Topology optimization for particle flow problems using Eulerian-Eulerian model with a finite difference method

TL;DR

This paper introduces a topology optimization approach for particle flow devices using an Eulerian-Eulerian model with finite difference methods, aiming to improve particle resistance and flow efficiency.

Contribution

It develops a novel topology optimization framework incorporating automatic differentiation and validates it through numerical experiments on particle flow problems.

Findings

Serpentine flow fields enhance particle drag force variation.

Optimized flow fields reduce fluid power dissipation.

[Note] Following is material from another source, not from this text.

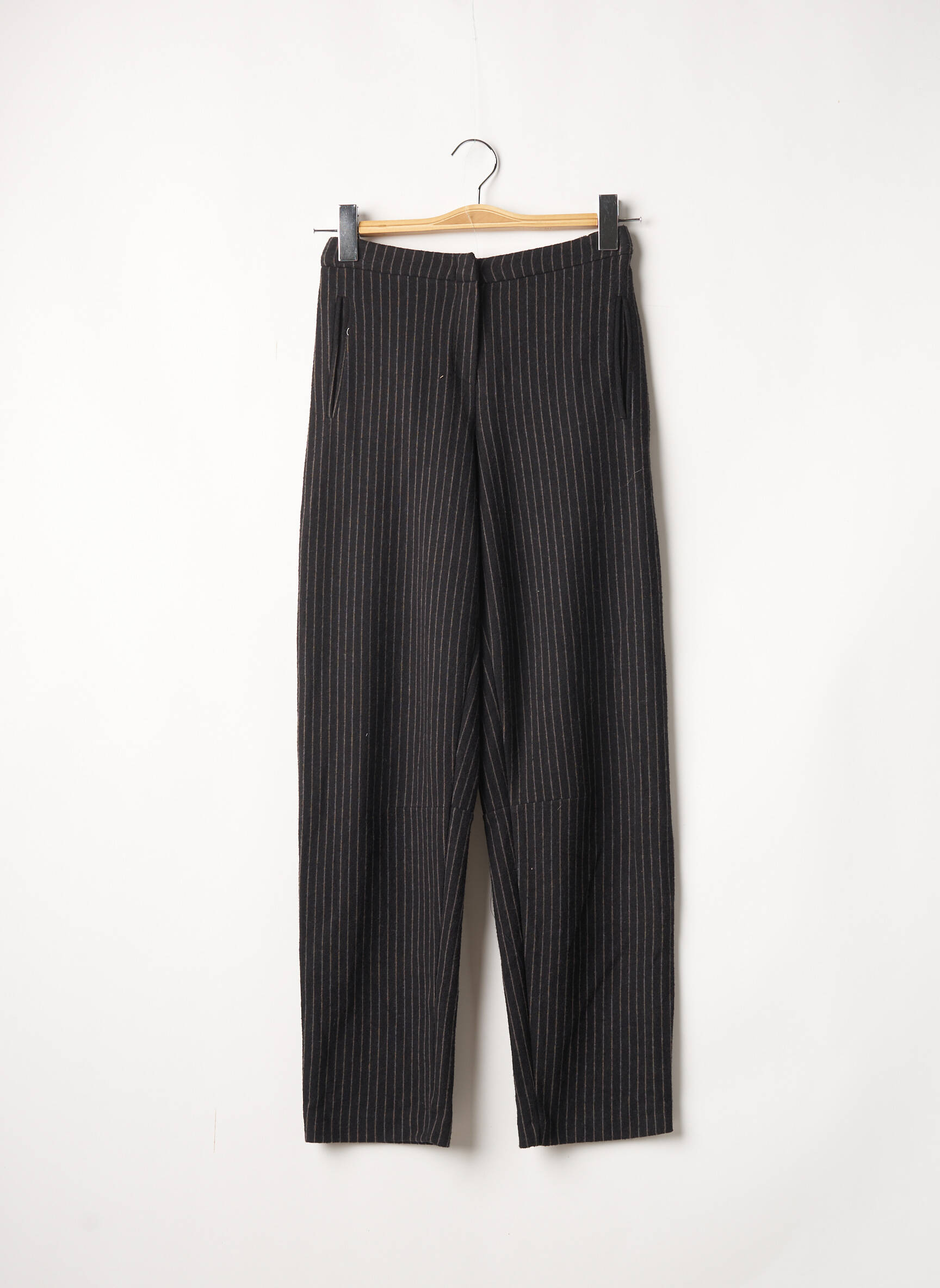 Chino kelnė normala dydis normala dydis juodas KOKOMARINA moteris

Reynolds and Stokes numbers influence flow field design.

Abstract

Particle flow processing is widely employed across various industrial applications and technologies. Due to the complex interactions between particles and fluids, designing effective devices for particle flow processing is challenging. In this study, we propose a topology optimization method to design flow fields that effectively enhance the resistance encountered by particles. Particle flow is simulated using an Eulerian-Eulerian model based on a finite difference method. Automatic differentiation is implemented to compute sensitivities using a checkpointing algorithm. We formulate the optimization problem as maximizing the variation of drag force on particles while reducing fluid power dissipation. Initially, we validate the finite difference flow solver through numerical examples of particle flow problems and confirm that the corresponding topology optimization produces a result comparable to the benchmark problem. Furthermore, we investigate the effects of Reynolds and Stokes numbers on the optimized flow field. The numerical results indicate that serpentine flow fields can effectively enhance the variation in particle drag force.